Task item -> For the entries below, the result should be an exact transcription of the lines from the one with "Locations ofLuzula acuminata" up to and including the one with "500 Black (Tuscan)", and only those.

Short web captions ->
= = = =

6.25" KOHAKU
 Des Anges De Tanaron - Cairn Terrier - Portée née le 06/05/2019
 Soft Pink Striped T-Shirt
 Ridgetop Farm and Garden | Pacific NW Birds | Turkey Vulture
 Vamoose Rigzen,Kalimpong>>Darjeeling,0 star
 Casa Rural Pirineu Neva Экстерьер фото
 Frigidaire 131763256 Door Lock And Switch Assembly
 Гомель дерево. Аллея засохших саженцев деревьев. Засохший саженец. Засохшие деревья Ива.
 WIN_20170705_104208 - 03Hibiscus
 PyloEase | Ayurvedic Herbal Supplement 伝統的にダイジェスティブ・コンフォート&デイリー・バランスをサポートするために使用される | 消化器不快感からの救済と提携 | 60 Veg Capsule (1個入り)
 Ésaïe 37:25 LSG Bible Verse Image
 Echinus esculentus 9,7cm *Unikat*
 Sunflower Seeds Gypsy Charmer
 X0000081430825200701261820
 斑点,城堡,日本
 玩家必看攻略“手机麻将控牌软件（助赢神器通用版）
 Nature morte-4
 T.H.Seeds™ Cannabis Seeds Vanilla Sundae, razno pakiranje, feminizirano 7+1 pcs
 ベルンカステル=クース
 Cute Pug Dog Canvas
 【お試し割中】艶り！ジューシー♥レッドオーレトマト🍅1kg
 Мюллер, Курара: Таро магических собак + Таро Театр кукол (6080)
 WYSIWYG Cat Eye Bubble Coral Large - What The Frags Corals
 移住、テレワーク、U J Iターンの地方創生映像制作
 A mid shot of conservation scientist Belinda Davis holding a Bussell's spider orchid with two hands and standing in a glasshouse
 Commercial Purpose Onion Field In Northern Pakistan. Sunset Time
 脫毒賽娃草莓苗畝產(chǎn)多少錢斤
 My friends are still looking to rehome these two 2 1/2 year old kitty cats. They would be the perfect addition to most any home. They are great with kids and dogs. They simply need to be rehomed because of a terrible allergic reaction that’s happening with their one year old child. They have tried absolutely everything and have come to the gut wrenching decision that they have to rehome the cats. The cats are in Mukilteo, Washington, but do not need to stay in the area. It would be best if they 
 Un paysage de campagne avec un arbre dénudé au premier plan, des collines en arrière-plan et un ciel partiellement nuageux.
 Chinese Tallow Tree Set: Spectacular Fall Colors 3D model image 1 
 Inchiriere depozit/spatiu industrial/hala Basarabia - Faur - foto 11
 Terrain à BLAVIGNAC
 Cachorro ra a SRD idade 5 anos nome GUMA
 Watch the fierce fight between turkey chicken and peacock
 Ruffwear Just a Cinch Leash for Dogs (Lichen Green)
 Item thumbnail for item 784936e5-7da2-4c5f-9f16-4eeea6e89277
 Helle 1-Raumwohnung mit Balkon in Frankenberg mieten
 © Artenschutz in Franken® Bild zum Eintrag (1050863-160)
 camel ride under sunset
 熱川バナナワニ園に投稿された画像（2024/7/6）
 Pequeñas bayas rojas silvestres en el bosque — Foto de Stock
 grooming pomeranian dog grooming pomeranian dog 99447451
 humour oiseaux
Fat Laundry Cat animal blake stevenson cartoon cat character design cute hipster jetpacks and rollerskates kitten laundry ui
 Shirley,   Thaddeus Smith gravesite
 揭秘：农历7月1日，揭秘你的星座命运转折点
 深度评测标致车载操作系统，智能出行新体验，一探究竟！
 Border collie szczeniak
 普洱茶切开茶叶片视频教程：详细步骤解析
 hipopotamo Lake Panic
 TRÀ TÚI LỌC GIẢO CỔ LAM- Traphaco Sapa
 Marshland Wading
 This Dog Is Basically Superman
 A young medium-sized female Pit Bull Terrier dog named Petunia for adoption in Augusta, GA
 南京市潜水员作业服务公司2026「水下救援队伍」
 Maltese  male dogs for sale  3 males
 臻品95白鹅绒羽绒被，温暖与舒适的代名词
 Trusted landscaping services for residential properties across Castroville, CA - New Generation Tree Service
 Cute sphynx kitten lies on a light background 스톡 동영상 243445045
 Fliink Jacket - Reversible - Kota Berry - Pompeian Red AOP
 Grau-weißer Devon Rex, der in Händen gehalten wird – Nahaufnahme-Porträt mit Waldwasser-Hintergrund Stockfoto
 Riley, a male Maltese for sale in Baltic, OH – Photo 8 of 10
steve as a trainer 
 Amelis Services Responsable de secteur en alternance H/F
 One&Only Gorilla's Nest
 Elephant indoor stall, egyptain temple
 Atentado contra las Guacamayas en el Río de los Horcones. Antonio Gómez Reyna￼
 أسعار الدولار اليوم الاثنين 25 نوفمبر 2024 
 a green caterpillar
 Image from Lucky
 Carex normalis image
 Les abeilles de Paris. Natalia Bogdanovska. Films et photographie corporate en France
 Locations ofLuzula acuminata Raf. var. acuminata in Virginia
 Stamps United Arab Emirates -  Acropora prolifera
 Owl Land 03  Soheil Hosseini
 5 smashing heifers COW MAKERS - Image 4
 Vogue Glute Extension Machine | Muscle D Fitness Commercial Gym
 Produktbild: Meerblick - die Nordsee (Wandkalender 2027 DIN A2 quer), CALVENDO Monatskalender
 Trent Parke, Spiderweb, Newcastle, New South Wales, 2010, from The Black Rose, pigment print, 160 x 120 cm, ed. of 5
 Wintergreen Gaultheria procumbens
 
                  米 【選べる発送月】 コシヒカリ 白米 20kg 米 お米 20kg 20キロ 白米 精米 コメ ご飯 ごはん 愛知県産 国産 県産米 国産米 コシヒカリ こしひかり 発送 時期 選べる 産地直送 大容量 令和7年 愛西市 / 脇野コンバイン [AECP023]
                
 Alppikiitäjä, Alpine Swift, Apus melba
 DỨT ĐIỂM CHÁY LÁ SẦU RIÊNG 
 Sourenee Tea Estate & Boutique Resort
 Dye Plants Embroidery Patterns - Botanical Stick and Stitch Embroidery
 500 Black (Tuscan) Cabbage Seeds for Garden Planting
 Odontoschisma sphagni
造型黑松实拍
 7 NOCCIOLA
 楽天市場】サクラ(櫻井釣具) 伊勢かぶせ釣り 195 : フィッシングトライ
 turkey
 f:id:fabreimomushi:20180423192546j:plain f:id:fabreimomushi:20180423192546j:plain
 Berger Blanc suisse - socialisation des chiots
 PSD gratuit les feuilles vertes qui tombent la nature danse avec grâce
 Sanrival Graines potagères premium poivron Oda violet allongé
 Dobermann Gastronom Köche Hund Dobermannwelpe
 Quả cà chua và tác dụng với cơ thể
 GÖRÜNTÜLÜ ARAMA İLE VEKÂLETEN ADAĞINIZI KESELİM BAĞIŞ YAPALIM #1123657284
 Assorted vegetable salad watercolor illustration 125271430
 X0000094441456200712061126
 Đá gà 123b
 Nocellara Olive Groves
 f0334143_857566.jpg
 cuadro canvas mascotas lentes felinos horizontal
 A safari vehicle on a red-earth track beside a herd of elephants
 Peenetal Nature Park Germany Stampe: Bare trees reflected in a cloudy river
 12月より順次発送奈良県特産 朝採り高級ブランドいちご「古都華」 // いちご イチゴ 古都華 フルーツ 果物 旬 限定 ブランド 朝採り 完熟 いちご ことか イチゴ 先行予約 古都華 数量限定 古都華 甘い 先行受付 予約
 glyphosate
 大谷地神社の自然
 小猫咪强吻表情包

= = = =

Task result ->
 Locations ofLuzula acuminata Raf. var. acuminata in Virginia
 Stamps United Arab Emirates -  Acropora prolifera
 Owl Land 03  Soheil Hosseini
 5 smashing heifers COW MAKERS - Image 4
 Vogue Glute Extension Machine | Muscle D Fitness Commercial Gym
 Produktbild: Meerblick - die Nordsee (Wandkalender 2027 DIN A2 quer), CALVENDO Monatskalender
 Trent Parke, Spiderweb, Newcastle, New South Wales, 2010, from The Black Rose, pigment print, 160 x 120 cm, ed. of 5
 Wintergreen Gaultheria procumbens
 
                  米 【選べる発送月】 コシヒカリ 白米 20kg 米 お米 20kg 20キロ 白米 精米 コメ ご飯 ごはん 愛知県産 国産 県産米 国産米 コシヒカリ こしひかり 発送 時期 選べる 産地直送 大容量 令和7年 愛西市 / 脇野コンバイン [AECP023]
                
 Alppikiitäjä, Alpine Swift, Apus melba
 DỨT ĐIỂM CHÁY LÁ SẦU RIÊNG 
 Sourenee Tea Estate & Boutique Resort
 Dye Plants Embroidery Patterns - Botanical Stick and Stitch Embroidery
 500 Black (Tuscan) Cabbage Seeds for Garden Planting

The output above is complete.